When a function returns a tuple of results, the code using this result will need to know the position of each arguments in the tuple result. For example:

def add_1(x, y, x):
    x_prime = x + 1
    y_prime = y + 1
    z_prime = z + 1
    return x_prime, y_prime, z_prime

y_prime = add_1(1, 2, 3)[1]

It is much easier to use the result if we combine the result variables into an immutable object. For example:

from dpl.converter import vars_to_object
def add_1(x, y, z):
    x_prime = x + 1
    y_prime = y + 1
    z_prime = z + 1
    return vars_to_object(x_prime, y_prime, z_prime, local_dict=locals())

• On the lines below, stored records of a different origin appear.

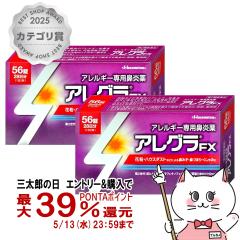 �y��2�ވ��i�z[�Z�b�g]�A���O��FX 56���~2�i�Z���t���f�B�P�[�V�����Ő��Ώہj[�@���E�A�����M�[][��������](6043907-set1)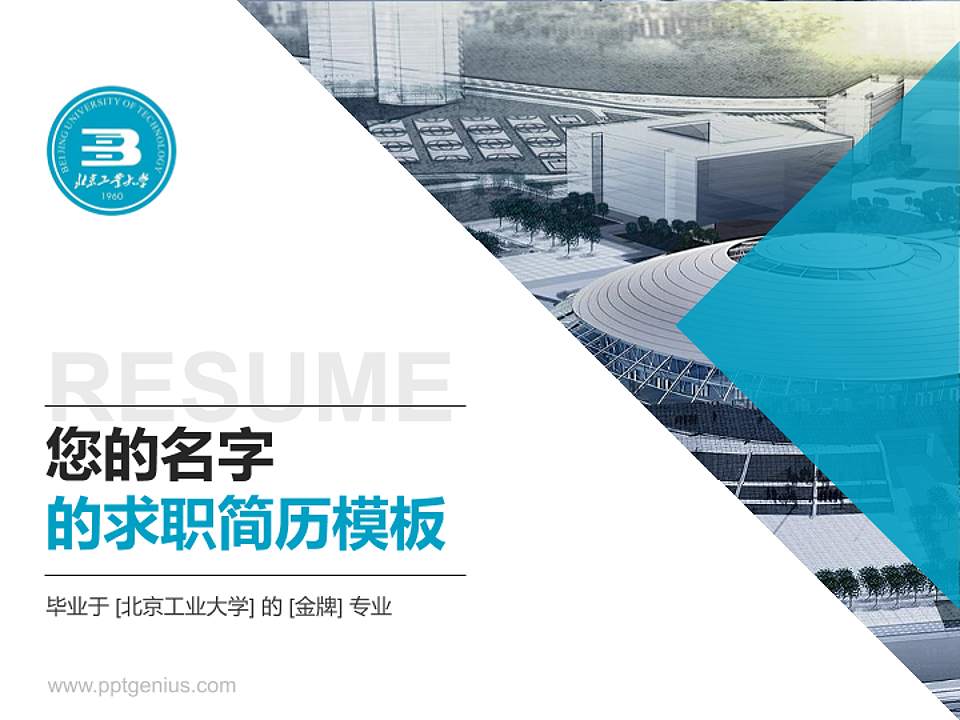 北京工业大学教师/学生通用个人简历PPT模板下载4:3格式PPT封面效果预览图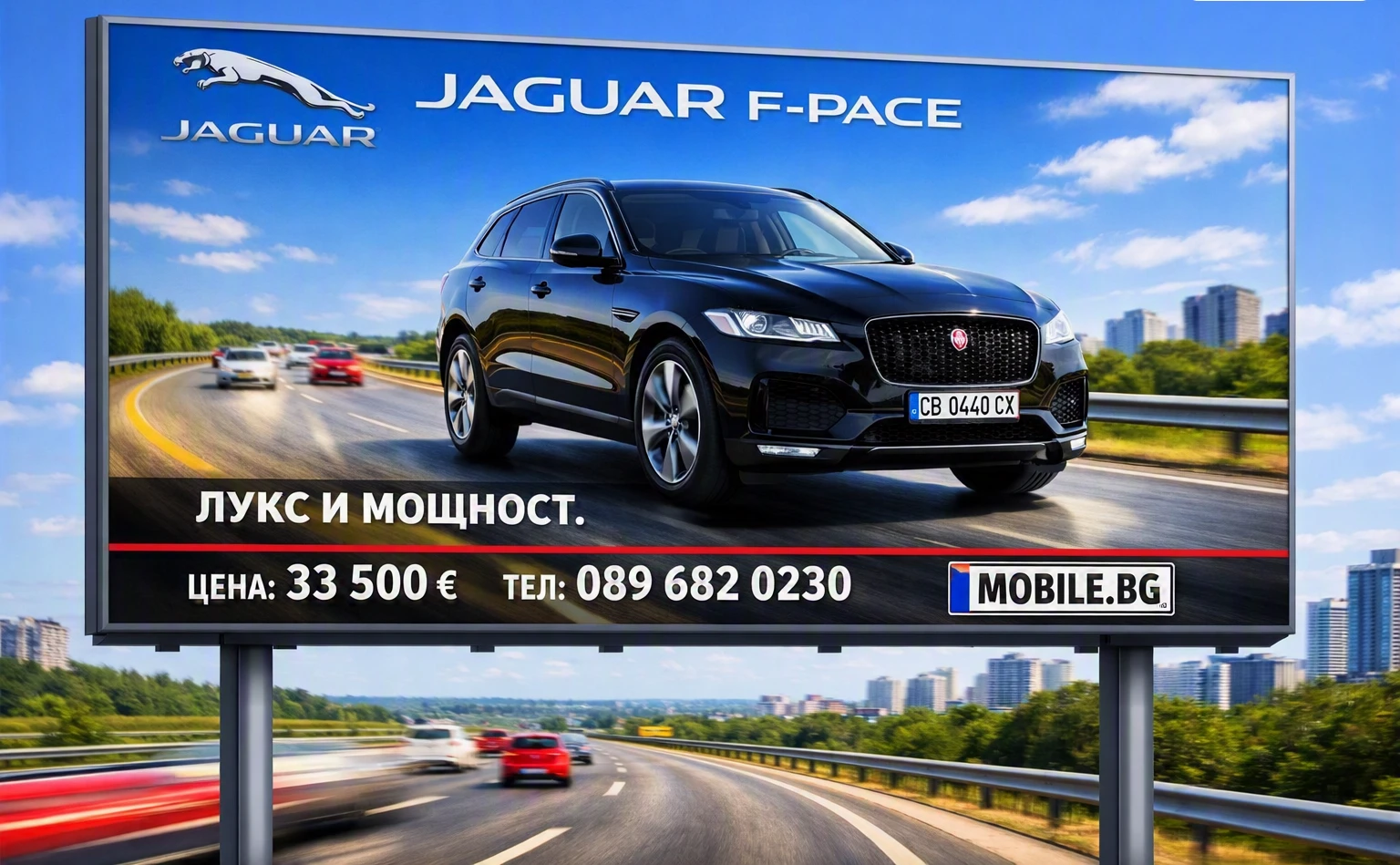 Jaguar F-PACE P250 SE Black 2021г | Auto.bg — изображение 1 Jaguar F-PACE P250 SE Black 2021г | Auto.bg — изображение 1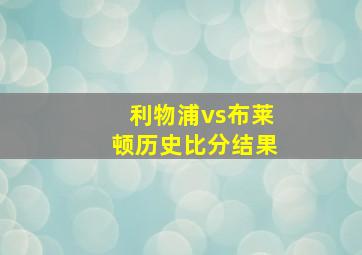 利物浦vs布莱顿历史比分结果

y_prime = add_1(1, 2, 3).y_prime

Remember to add the part local_dict=locals() when calling the function vars_to_object.

You can also convert a dictionary to an object or a zip pair. For example:

from dpl.converter import dict_to_object
def add_1(x, y, z):
    x_prime = x + 1
    y_prime = y + 1
    z_prime = z + 1
    return dict_to_object({
        'x_prime': x_prime,
        'y_prime': y_prime,
        'z_prime': z_prime
    })

y_prime = add_1(1, 2, 3).y_prime

or

from dpl.converter import zip_to_object
def add_1(x, y, z):
    x_prime = x + 1
    y_prime = y + 1
    z_prime = z + 1
    return zip_to_object(
        ('x_prime', 'y_prime', 'z_prime'),
        (x_prime, y_prime, z_prime))

y_prime = add_1(1, 2, 3).y_prime

Caching a function result

Sometimes, it is useful to cache the result of a heavily computing function (or instance method). You can cache a function result by using the decorator dpl.cache.func_cache as follows:

from dpl.cache import func_cache
@func_cache
def add_1(x):
    print(f'calling add_1 on x={x}')
    return x + 1

for i in range(3):
    y = add_1(1)
    print(f'i = {i}, y = {y}')

You will see the following result:

calling add_1 on x=1
i = 0, y = 2
i = 1, y = 2
i = 2, y = 2

which means the function add_1 is called to compute the result for x=1 only once.